Work item
In the records that follow, the lines from the one containing "Barbecue Watercolor clipart cover image." to the one containing "Anthropologie Leifsdottir Hooded", inclusive, are to be given again exactly.

** Record set follows **

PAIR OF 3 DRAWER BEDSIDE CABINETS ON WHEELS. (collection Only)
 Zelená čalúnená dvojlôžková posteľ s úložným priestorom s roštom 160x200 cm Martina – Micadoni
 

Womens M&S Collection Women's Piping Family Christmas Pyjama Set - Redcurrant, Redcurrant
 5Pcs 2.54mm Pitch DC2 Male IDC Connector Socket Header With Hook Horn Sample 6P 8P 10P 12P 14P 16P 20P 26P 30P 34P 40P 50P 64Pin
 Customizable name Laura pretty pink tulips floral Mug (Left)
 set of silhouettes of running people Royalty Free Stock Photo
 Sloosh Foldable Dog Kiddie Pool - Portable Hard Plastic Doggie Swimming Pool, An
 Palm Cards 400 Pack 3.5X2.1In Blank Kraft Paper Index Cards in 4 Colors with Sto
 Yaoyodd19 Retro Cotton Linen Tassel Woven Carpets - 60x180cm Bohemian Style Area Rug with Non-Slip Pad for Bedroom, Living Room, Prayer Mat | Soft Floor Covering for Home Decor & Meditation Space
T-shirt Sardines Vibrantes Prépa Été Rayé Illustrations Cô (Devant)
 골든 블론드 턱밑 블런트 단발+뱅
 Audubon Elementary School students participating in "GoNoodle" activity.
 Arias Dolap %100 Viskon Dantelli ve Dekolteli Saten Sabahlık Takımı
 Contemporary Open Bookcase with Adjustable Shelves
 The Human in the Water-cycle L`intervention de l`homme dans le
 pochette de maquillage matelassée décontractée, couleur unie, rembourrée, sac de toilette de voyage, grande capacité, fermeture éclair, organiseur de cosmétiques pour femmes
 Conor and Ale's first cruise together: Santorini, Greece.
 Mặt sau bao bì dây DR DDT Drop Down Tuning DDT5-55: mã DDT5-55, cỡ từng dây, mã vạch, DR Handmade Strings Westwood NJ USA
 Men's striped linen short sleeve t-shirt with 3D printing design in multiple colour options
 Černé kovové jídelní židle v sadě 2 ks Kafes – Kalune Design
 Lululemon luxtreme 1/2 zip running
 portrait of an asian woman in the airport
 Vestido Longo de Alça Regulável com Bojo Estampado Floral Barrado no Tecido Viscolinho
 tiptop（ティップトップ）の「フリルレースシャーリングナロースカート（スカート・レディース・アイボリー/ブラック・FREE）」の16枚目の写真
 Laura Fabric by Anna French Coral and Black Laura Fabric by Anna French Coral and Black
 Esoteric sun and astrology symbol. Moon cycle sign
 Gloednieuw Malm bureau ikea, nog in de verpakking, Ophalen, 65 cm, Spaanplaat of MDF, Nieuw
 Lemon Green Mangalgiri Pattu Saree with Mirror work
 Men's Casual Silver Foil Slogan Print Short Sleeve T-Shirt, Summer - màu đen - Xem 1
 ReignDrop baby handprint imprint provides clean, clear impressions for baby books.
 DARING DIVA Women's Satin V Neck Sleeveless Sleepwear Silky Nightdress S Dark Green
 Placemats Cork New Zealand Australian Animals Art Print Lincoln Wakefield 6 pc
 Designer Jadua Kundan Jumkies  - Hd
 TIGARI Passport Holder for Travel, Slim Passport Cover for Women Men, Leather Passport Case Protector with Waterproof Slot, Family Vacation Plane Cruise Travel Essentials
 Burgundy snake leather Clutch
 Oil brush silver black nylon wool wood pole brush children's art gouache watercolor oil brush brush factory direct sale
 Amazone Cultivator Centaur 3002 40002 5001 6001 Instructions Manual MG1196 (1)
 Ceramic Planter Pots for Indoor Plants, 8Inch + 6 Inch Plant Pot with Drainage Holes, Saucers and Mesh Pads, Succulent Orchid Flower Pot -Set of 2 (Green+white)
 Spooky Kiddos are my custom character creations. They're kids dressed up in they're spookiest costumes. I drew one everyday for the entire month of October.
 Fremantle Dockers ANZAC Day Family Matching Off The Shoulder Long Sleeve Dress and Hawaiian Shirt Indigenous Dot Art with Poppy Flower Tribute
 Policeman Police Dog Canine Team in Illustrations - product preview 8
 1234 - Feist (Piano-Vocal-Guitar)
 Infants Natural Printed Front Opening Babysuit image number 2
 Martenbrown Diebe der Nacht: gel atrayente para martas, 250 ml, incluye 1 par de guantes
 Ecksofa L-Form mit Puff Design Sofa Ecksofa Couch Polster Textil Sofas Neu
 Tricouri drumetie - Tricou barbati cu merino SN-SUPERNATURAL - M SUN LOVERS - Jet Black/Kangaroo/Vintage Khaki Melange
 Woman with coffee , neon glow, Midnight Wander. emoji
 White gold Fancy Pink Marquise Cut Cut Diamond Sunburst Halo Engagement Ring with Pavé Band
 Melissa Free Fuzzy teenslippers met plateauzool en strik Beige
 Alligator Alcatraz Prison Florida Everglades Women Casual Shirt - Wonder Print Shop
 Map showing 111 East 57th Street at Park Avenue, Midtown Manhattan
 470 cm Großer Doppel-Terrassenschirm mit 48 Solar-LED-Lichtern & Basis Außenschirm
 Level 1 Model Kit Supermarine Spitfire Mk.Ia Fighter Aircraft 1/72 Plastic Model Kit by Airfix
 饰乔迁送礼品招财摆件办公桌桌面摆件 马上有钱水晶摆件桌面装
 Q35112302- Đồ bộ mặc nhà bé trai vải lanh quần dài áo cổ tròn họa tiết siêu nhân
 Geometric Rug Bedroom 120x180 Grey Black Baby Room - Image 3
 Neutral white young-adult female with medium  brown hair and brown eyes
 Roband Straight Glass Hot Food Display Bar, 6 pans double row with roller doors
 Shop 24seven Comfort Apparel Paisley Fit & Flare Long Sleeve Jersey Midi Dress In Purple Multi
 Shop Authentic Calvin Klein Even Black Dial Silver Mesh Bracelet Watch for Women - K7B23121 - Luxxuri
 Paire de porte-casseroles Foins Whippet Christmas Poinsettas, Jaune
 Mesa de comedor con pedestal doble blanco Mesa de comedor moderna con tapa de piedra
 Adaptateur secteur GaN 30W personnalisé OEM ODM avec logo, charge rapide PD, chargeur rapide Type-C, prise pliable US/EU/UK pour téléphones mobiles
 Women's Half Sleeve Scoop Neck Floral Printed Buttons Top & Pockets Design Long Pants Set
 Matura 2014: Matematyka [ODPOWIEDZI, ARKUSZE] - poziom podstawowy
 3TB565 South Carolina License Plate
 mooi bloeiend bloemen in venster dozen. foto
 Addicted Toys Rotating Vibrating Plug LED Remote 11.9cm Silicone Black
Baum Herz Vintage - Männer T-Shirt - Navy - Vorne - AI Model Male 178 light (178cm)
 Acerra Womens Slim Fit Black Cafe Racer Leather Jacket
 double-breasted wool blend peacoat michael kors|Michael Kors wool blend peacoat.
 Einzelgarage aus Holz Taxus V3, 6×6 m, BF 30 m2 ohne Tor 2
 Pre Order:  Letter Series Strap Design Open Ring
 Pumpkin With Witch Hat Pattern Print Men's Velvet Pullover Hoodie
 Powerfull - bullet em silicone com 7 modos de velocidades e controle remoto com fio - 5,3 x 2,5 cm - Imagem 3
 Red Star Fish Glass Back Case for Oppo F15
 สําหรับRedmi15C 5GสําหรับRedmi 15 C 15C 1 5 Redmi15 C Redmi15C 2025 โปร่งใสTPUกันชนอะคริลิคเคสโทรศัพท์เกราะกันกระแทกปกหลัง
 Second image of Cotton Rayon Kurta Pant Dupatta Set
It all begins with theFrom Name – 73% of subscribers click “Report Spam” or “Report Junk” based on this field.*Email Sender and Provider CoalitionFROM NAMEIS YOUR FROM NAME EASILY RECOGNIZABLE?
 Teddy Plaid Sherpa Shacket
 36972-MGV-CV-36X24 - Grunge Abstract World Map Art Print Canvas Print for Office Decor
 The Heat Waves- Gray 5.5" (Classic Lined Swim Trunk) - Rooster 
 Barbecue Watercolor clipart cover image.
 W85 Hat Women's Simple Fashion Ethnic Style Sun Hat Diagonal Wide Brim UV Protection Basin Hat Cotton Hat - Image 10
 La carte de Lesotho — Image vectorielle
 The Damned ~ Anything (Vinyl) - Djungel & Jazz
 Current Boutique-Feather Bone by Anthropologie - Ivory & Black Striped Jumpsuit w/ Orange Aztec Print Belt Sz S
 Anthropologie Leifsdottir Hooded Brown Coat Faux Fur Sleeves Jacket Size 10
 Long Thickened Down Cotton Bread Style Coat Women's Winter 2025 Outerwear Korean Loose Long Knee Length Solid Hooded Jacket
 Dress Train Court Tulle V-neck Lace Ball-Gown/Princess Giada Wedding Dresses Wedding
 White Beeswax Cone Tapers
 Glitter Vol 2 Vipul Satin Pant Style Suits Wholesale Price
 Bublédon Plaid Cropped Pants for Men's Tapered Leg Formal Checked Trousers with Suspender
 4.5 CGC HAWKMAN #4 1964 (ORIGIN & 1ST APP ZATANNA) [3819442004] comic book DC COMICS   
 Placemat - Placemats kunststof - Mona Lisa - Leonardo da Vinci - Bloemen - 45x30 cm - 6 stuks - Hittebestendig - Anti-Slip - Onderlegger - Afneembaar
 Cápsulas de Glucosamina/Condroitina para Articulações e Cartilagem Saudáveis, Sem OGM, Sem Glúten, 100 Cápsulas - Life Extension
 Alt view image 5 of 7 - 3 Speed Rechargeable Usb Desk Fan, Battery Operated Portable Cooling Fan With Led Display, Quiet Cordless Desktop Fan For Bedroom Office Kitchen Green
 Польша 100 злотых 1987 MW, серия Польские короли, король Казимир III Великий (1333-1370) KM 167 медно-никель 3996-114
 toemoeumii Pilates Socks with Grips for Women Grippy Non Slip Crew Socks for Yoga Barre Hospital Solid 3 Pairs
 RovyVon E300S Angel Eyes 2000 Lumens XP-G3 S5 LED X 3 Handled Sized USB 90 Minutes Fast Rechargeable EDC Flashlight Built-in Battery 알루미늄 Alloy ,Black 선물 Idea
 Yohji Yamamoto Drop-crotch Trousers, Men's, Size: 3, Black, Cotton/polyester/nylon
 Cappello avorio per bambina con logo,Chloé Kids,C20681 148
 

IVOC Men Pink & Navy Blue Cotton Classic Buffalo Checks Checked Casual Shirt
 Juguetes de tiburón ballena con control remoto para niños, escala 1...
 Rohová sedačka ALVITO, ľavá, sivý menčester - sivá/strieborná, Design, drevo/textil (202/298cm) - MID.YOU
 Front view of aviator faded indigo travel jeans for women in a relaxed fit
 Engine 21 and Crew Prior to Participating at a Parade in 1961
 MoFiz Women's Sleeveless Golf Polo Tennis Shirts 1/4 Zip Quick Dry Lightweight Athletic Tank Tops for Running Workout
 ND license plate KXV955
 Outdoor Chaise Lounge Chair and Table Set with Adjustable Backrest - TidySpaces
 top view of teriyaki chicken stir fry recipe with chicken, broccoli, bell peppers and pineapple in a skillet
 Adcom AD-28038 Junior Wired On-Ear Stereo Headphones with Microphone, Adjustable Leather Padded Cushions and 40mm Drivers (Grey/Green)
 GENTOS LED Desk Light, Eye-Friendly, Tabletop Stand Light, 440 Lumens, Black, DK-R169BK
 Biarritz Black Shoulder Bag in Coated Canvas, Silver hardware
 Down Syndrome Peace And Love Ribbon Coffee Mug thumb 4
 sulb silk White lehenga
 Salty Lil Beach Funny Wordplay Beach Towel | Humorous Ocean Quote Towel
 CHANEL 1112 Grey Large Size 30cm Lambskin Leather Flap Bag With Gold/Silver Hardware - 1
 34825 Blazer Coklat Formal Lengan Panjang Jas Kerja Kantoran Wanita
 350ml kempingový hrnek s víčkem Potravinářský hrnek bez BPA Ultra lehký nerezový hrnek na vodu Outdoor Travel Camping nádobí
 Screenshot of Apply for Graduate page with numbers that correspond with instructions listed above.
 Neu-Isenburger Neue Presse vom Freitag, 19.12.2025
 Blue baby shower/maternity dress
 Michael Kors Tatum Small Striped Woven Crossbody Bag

** End of Record set **

Written reply
 Barbecue Watercolor clipart cover image.
 W85 Hat Women's Simple Fashion Ethnic Style Sun Hat Diagonal Wide Brim UV Protection Basin Hat Cotton Hat - Image 10
 La carte de Lesotho — Image vectorielle
 The Damned ~ Anything (Vinyl) - Djungel & Jazz
 Current Boutique-Feather Bone by Anthropologie - Ivory & Black Striped Jumpsuit w/ Orange Aztec Print Belt Sz S
 Anthropologie Leifsdottir Hooded Brown Coat Faux Fur Sleeves Jacket Size 10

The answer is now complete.